Task statement >> Reproduce the entries below in full, word for word.

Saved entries
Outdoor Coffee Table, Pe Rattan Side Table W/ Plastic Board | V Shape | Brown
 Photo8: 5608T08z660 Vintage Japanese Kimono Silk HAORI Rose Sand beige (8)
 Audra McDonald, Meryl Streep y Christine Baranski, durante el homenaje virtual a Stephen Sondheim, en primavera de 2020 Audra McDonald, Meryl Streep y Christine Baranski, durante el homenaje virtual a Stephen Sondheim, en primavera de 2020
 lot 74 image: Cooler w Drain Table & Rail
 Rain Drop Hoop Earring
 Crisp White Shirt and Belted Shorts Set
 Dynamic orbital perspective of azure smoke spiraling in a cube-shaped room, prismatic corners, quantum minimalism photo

Answer to this problem >>
Outdoor Coffee Table, Pe Rattan Side Table W/ Plastic Board | V Shape | Brown
 Photo8: 5608T08z660 Vintage Japanese Kimono Silk HAORI Rose Sand beige (8)
 Audra McDonald, Meryl Streep y Christine Baranski, durante el homenaje virtual a Stephen Sondheim, en primavera de 2020 Audra McDonald, Meryl Streep y Christine Baranski, durante el homenaje virtual a Stephen Sondheim, en primavera de 2020
 lot 74 image: Cooler w Drain Table & Rail
 Rain Drop Hoop Earring
 Crisp White Shirt and Belted Shorts Set
 Dynamic orbital perspective of azure smoke spiraling in a cube-shaped room, prismatic corners, quantum minimalism photo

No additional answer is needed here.